Not a tattoo, it was written in Magic Marker.
David.
And after the name there was a number: 2.
Dr. Harper went over to the computer and said something to the technician, who tapped on a few keys.
“Holy shit,” he said, and turned to the coroner, who studied the screen, then turned to Gamache.
“There’ve been six deaths here in Montréal in the last three days. Four since this morning. All homeless. All junkies. All the same drug. What is this stuff?”
But Gamache didn’t answer. It was rhetorical anyway. The coroner knew exactly what it was. A nightmare.
Gamache felt his chest tighten.
He was too late. It was being released. Six deaths already. He looked over at Anita. Seven.
But still, he hadn’t heard from the undercover cops. Amelia hadn’t found any. So maybe this was the forerunner, a sort of foretaste.
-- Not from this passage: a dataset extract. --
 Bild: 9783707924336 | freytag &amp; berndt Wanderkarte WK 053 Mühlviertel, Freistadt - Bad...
The main body of the drug would be on the streets soon. Perhaps within hours. But not quite yet.
“Can you bring up the autopsy pictures?” Gamache asked, stepping over to the terminal.
They did.
“Zoom in on the left forearms.”
First one, then another. Then another.
“Shit,” said the technician. “We missed that.”
Gamache didn’t respond. He was staring at the images on the screen. They had several things in common.
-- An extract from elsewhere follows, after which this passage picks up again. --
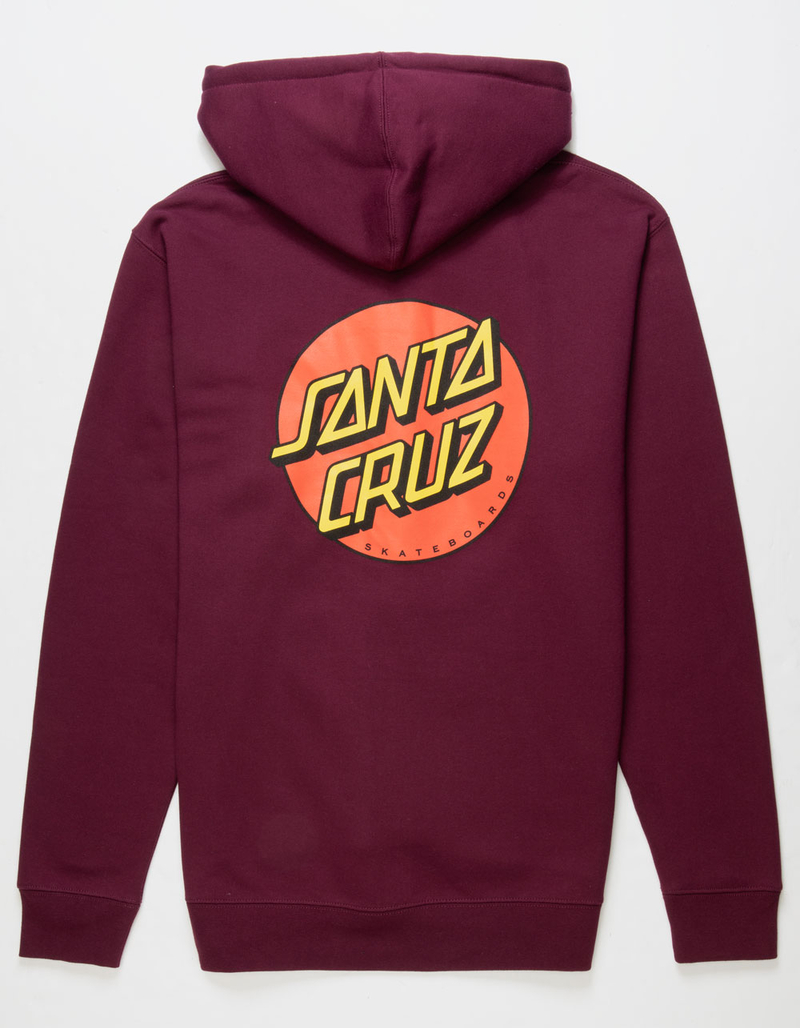 SANTA CRUZ Classic Dot Mens Zip-Up Hoodie image number 0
All junkies. All dead by carfentanil.
All with David written carefully on each left forearm. Though the numbers were, for the most part, different.
“What does it mean?” asked the coroner.
“I have no idea what this means,” said Gamache, still studying the screen.
“So if a kid overdoses on this carfentanil,” the coroner asked, “is there an antagonist? A rescue medication?”
“Naltrexone,” said Gamache. “The Sûreté and local forces are being given it. But—”
But if all the carfentanil was released onto the streets, there wouldn’t be nearly enough rescue drug out there. And not enough time to administer it. Carfentanil killed too fast for much hope of rescue, unless you got there immediately.
Gamache returned to the body of Anita Facial. And heard her soft voice on the message she’d left for him that afternoon.
She’d found the little girl. She’d keep her safe until he came to get her. But he hadn’t. And she hadn’t. And now the girl was still out there. Alone.
In the midnight and the snow!
“‘Christ save us all from a death like this,’” he muttered under his breath as he left the mortuary and returned to his car.
But he knew Christ wasn’t responsible. He was. And prayer, no matter how fervent, wouldn’t stop it.
Once in the privacy of his car, he placed a call.
“What the fuck is it?” came the gravelly voice.
“It’s Gamache.”
“Oh, shit, sorry sir,” the young man whispered. “I shouldn’t be talking.”
“Have you seen any sign of the carfentanil? Any sign at all that it’s hit the streets?”
“No, none. But there’s lots of anticipation.”
“There’s a little girl,” Gamache said. “Red tuque. Five, six years old. I want you to find her.”
“I can’t.”
“This isn’t a request, it’s an order.”
“But, sir, Choquet’s on the move. I think this’s it. I think she’s found him.”
“David?”
“Yes. I can’t talk. If anyone sees…”
Gamache knew it was a terrible risk, calling. No homeless man should be shuffling along and talking on a phone. But now he faced a choice.
The girl or the drug.
But there really was no choice to be made.
“Stay with her,” he said. “We’ll be tracking you. You have the naltrexone?”
“Oui.”
“Good luck,” said Gamache.
He called his counterpart at the Montréal police and alerted him.